Na coletiva que deu no Sítio Betânia, distante 8 quilômetros de Altamira, Sting resumiu o que pensam outros estrangeiros que estiveram no encontro: “Se não defendermos a floresta, o meu país também sofrerá catástrofes porque nós, na Europa, assim como o resto do mundo, precisamos da floresta para sobreviver”. E anunciou que no dia 12 de abril, em companhia de algumas lideranças indígenas, estará em Paris para iniciar campanha internacional de arrecadação de fundos para sua Mata Virgem. Sting não foi expulso de Altamira pelos índios como chegou a ser noticiado, mas chefes kaiapós e os dirigentes da União das Nações Indígenas (UNI) não gostaram nem um pouco do encontro do cantor com Sarney, antes de seguir viagem para o Xingu. A escala em Brasília deixou os índios confusos com a declarada solidariedade do roqueiro.
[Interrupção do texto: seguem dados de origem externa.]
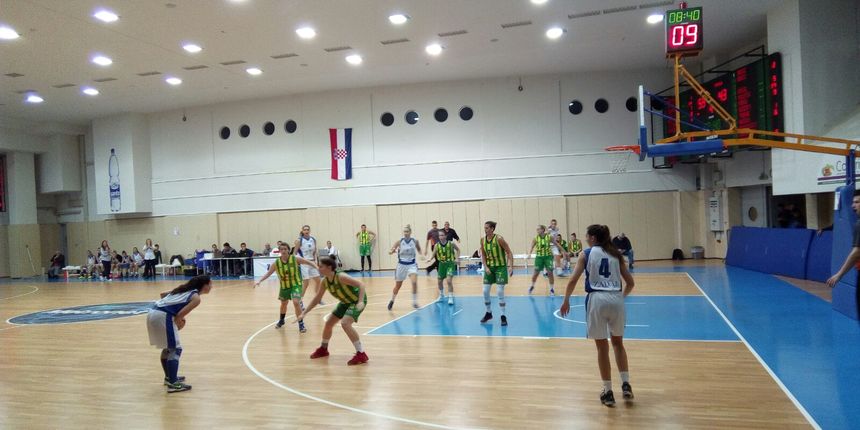 A-1 liga žene, 3. kolo: ŽKK Zadar – ŽKK Pula 79-61. Foto: Zvonimir Brzić A-1 liga žene, 3. kolo: ŽKK Zadar – ŽKK Pula 79-61. Foto: Zvonimir Brzić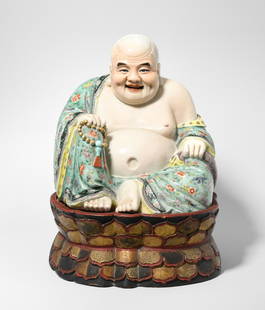 Budai China, 20.Jh. Porzellan. Fröhlich lachender Budai: Budai China, 20.Jh. Porzellan. Fröhlich lachender Budai in grünem Gewand, die Gebetskette in seiner Rechten, den Beutel in der Linken haltend. Vierzeichen-Prägemarke am Boden. H 28 cm. Mit lackiert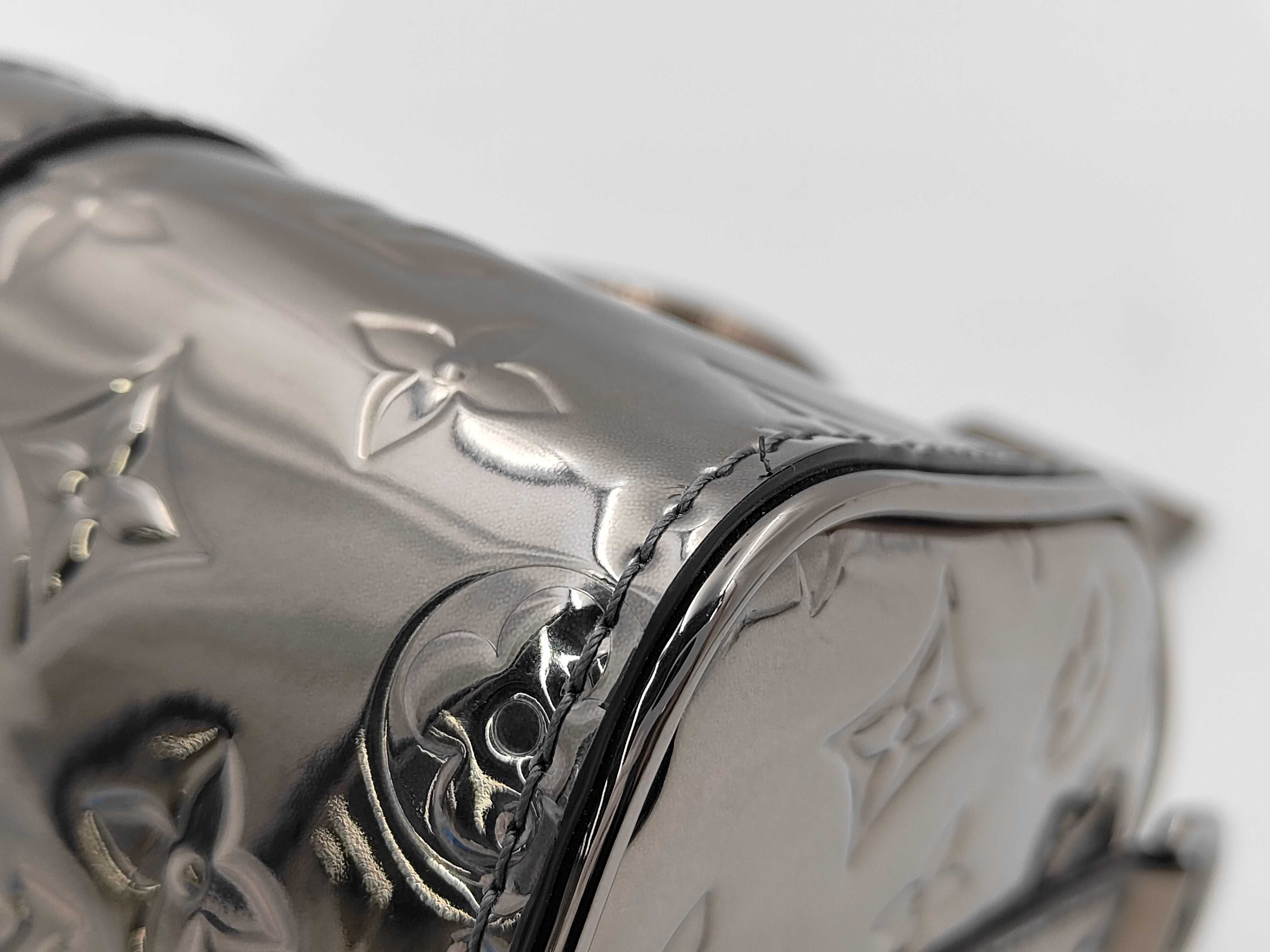 Monogram Mirror M26903 Keepall Bandoulière 25 RFID Chip Boston Bag — view 8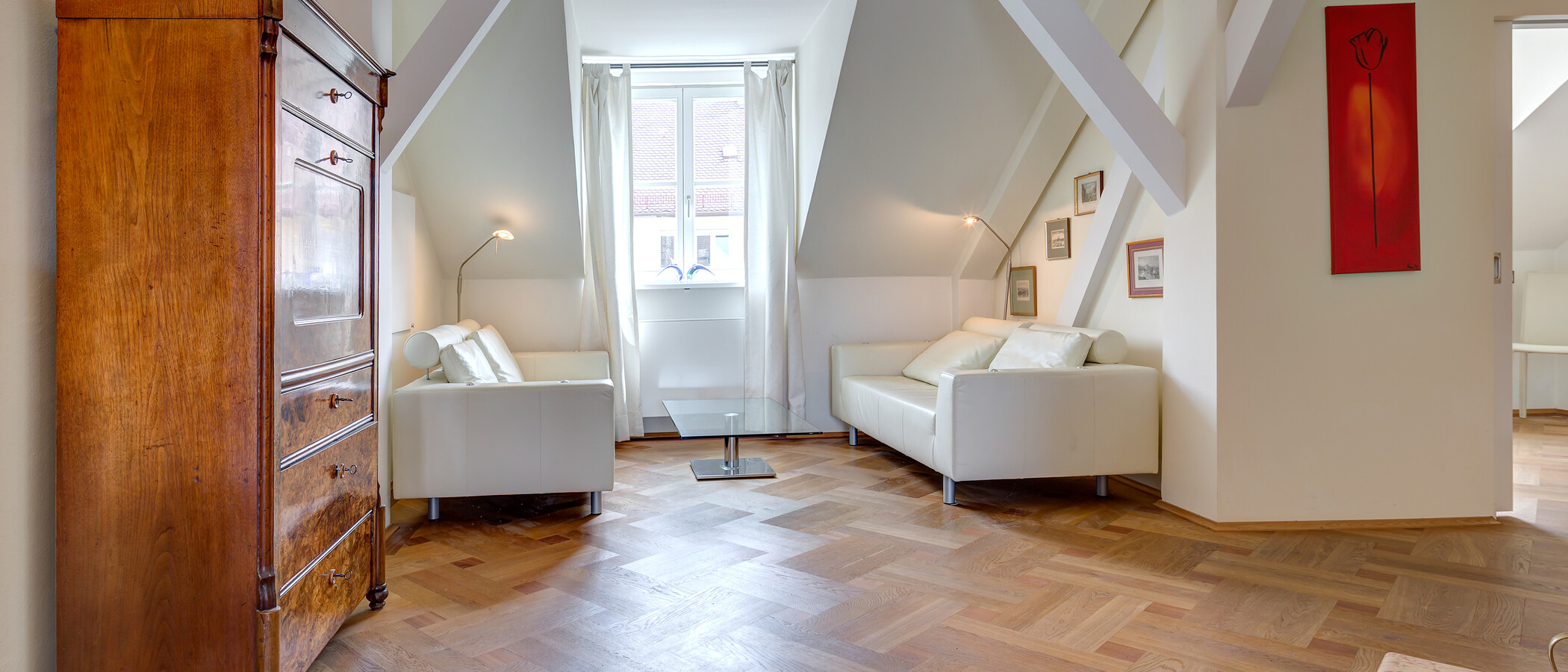 複層住宅 München Schwabing (links der Leopoldstraße) 05 リビングルーム 3679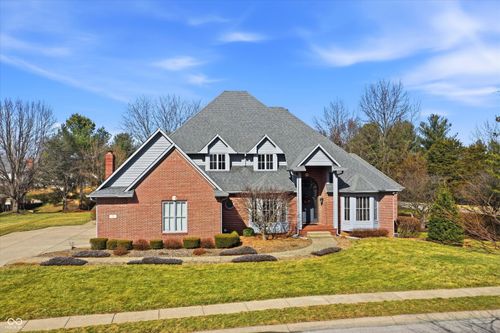 6010 Fawnwood Dr, Greenwood, IN, 46143-9142 | Card Image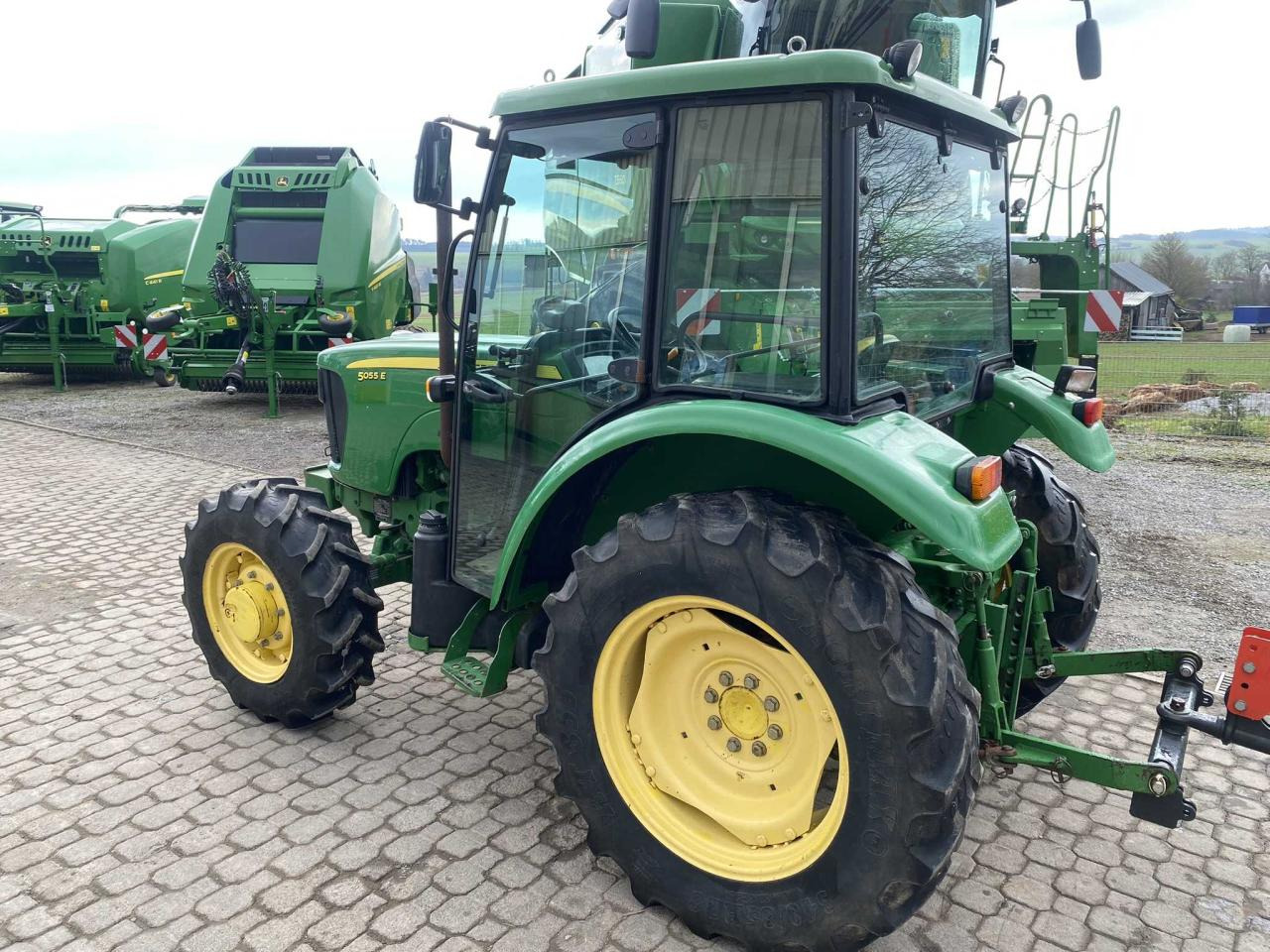 John Deere 5055E - Trator: foto 5 John Deere 5055E - Trator: foto 5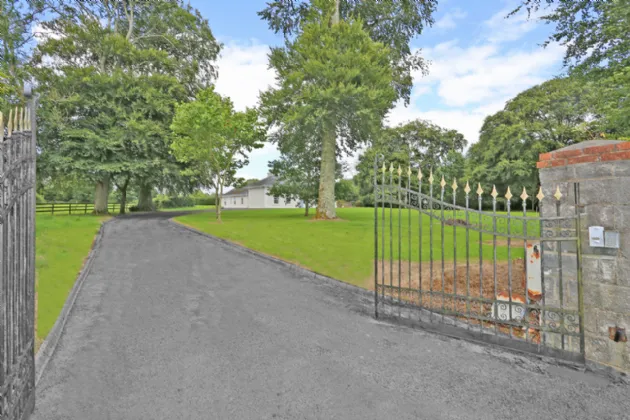 Photo of Waverley House, Lemenagh Beg, Newmarket on Fergus, Co Clare, V95 EH21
Depois de deixar Altamira sem ter comparecido ao Centro Comunitário Municipal, local das reuniões, como era esperado, Sting voou para novo périplo por aldeias do alto Xingu. Nem Megaron nem o cacique txucarramãe Raoni pareciam dispostos a acompanhar Sting numa audiência com a direção da Funai, em Brasília, enquanto os assessores do cantor empenhavam-se em subestimar as arestas surgidas em Altamira (Revista “Afinal” 7.3.89).